● GIVEN INFORMATION

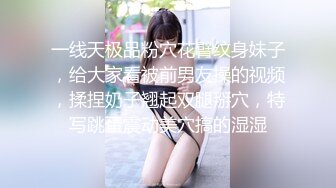 -美女晚上找水管工上门维修勾搭 你不寂寞吗看看你JB 揉搓舔奶跳蛋塞逼翘屁股口交后入猛操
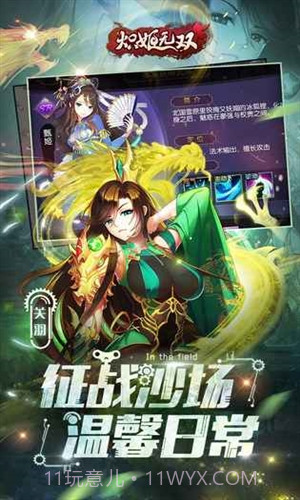 炽姬无双截图3 炽姬无双截图3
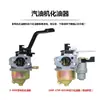 Gerador a Gasolina Peças da Bomba d'Água 2KW3KW5KW6.5 Carburador 168F188FGX160GX390 Carburador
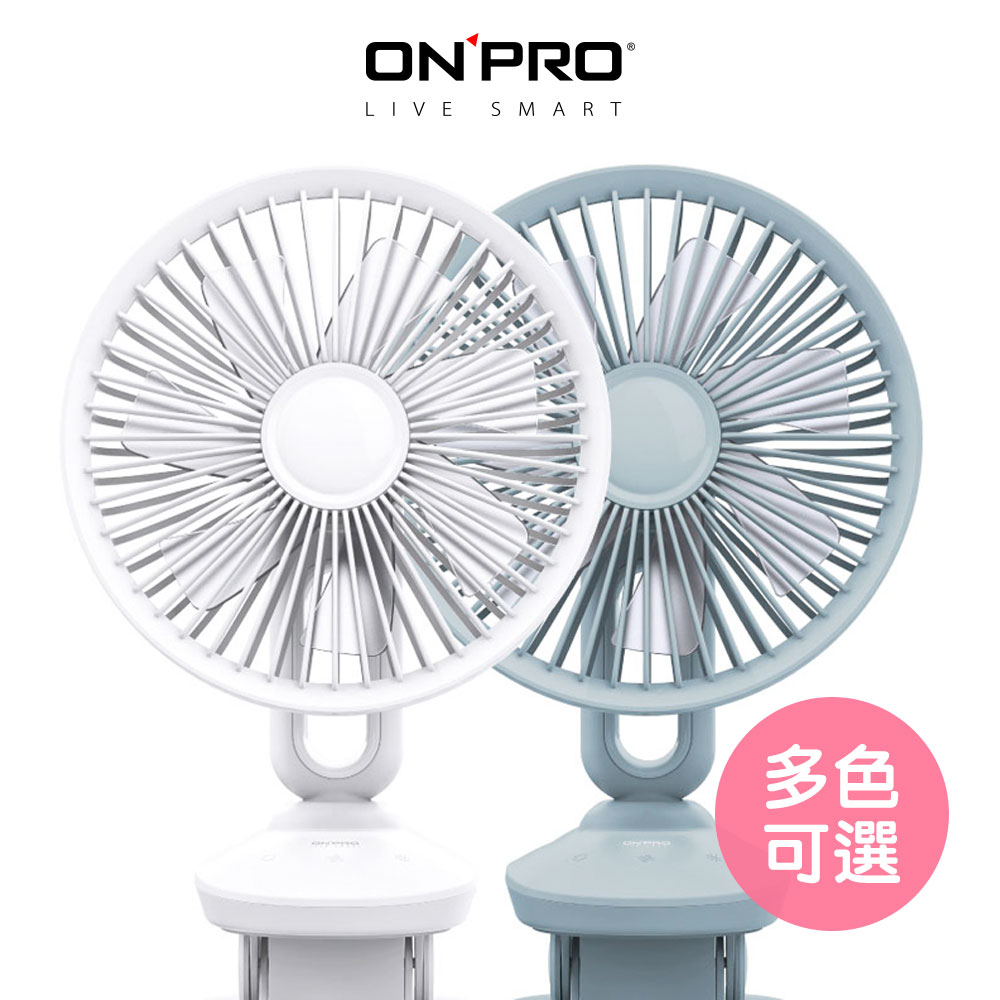 【Onpro】行動家電-小夜燈兩用夾扇 UF-IFAN Pro二代小夜燈觸控涼風扇 小電扇 夾式 夾式電風扇 USB電扇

● TASK GOAL
Using the material above, set down every line exactly, but skip the pictures.

● EXERCISE RESPONSE
 -美女晚上找水管工上门维修勾搭 你不寂寞吗看看你JB 揉搓舔奶跳蛋塞逼翘屁股口交后入猛操
 炽姬无双截图3 炽姬无双截图3
 Gerador a Gasolina Peças da Bomba d'Água 2KW3KW5KW6.5 Carburador 168F188FGX160GX390 Carburador
 【Onpro】行動家電-小夜燈兩用夾扇 UF-IFAN Pro二代小夜燈觸控涼風扇 小電扇 夾式 夾式電風扇 USB電扇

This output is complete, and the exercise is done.